In the material below, find the line containing "Dobór felg pod" and the line containing "Robert Pattinson in una scena di Tenet", then reproduce exactly both of them and every line between, and nothing else.

- **Data records**

_ _ _ _

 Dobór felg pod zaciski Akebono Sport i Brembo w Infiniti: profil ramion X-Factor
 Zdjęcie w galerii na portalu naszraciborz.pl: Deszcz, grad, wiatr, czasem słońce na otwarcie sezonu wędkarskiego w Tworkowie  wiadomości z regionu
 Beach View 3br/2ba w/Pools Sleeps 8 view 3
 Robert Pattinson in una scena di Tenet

_ _ _ _

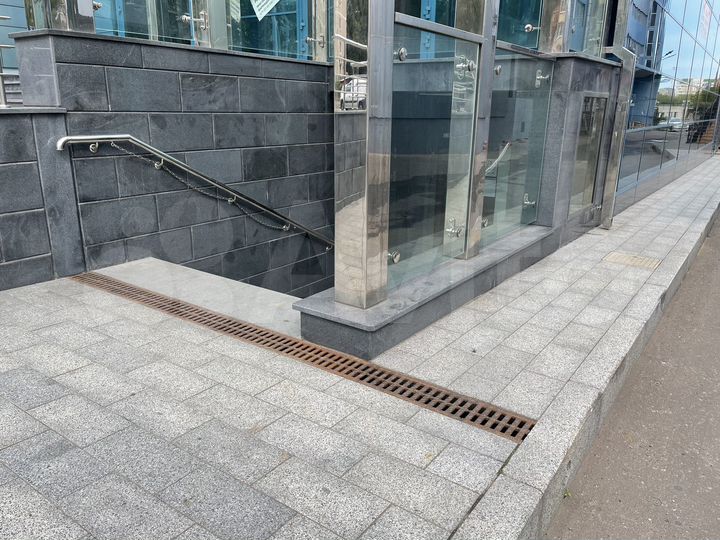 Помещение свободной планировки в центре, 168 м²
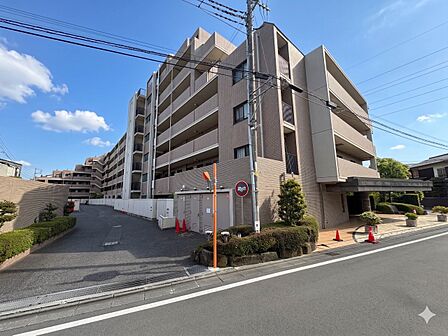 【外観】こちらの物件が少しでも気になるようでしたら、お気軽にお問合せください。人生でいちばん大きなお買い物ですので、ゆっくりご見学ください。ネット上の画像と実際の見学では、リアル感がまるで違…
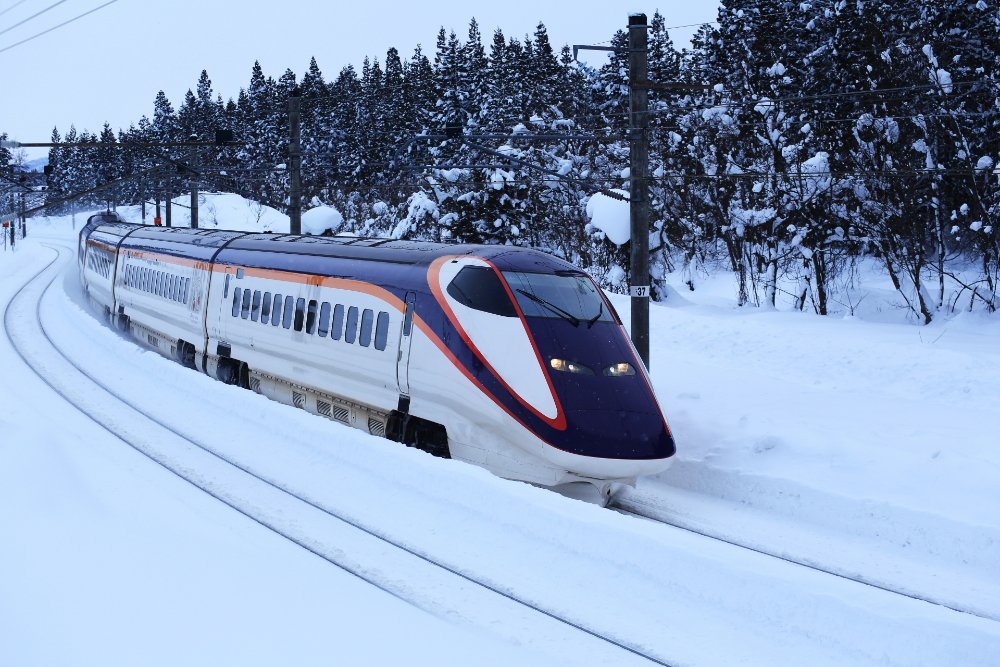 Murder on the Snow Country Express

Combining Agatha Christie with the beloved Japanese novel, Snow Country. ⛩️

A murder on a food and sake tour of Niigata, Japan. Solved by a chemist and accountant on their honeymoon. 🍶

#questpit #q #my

_ _ _ _

- **Solution**
 Dobór felg pod zaciski Akebono Sport i Brembo w Infiniti: profil ramion X-Factor
 Zdjęcie w galerii na portalu naszraciborz.pl: Deszcz, grad, wiatr, czasem słońce na otwarcie sezonu wędkarskiego w Tworkowie  wiadomości z regionu
 Beach View 3br/2ba w/Pools Sleeps 8 view 3
 Robert Pattinson in una scena di Tenet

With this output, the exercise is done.